Sharon Daniel's "Public Secrets" project is a compilation of testimony from prison inmates, theorists, and Daniel herself in order to create a mosaic dialogue. That is to say, through a multimedia context, Daniel combines a variety of viewpoints/voices to create a more collective whole. This concept is easily likened to Bakhtin's concept of "heteroglossia" discussed in "Discourse in the Novel." Heteroglossia refers to the idea that different languages/discourses co-exist within any literary work (a sense of plurality in language). Most importantly, Bakhtin's argument emphasizes the concept that "verbal discourse is a social phenomenon," and not a singular, definable concept. For this reason, Bakhtin praises the novel, a medium that can most aptly provide a variety of dialogue.

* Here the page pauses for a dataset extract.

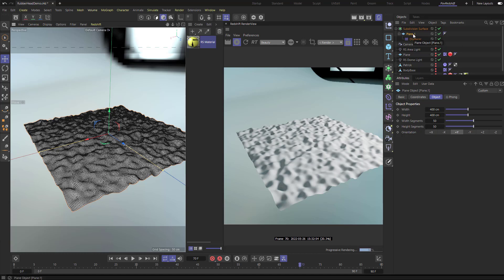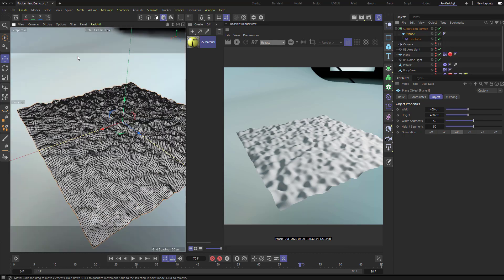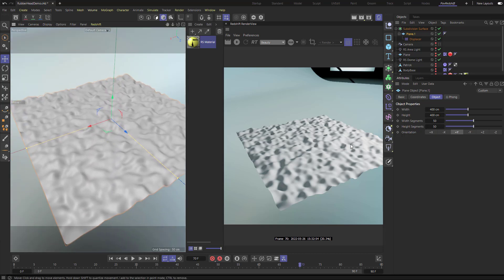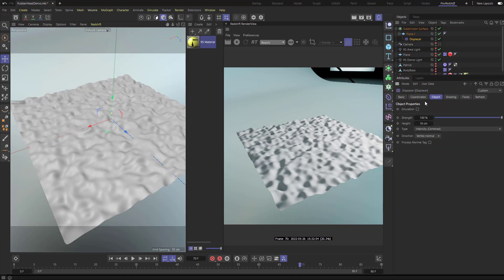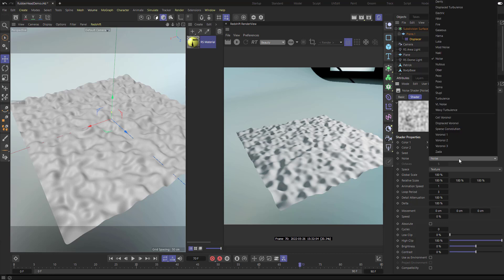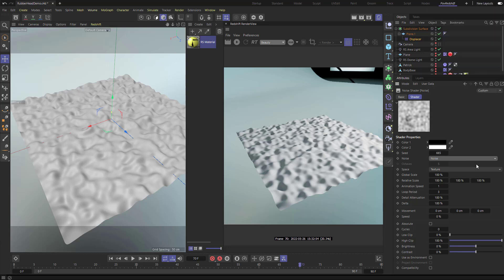Back to animation - let's turn off the IPR render and go back to regular shading mode. In the displacer, Object level controls height and Shading level has the noise plugged in controlling what type of noise. If you click the noise menu you'll see a whole bunch of noises to choose from. I'm in R26.014 and in other versions there's a little arrow to the right that shows preview images of the different noises.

In many ways, Daniel's case study, composed of a variety of voices, functions like a novel. Although there isn't a singularly defined narrative voice, the collective picture creates a sense of thematic unity (Daniel's case combines different forms of language: definitions, quotes, audio testimony, etc).

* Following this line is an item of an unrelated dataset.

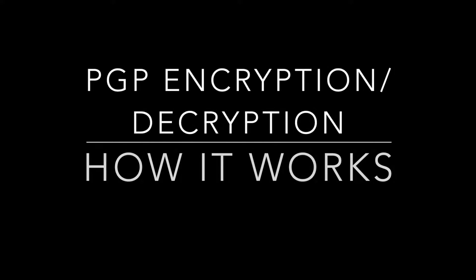Hello there. Welcome to PGP encryption decryption demo. This video will brief you on how PGP works.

For a concept with such breadth (the incarceration system), Daniel's formatting/medium seems perhaps more effective than a print or text driven presentation. As Bakhtin would agree, the idea/image of the prison system cannot be created or depicted in a vacuum, it is not a "histological specimen," but rather a living issue, comprised of a myriad of voices. Am I the only one who was impressed with the effect of this medium? If the medium is more representative of it's subject matter is the ultimate effect more powerful?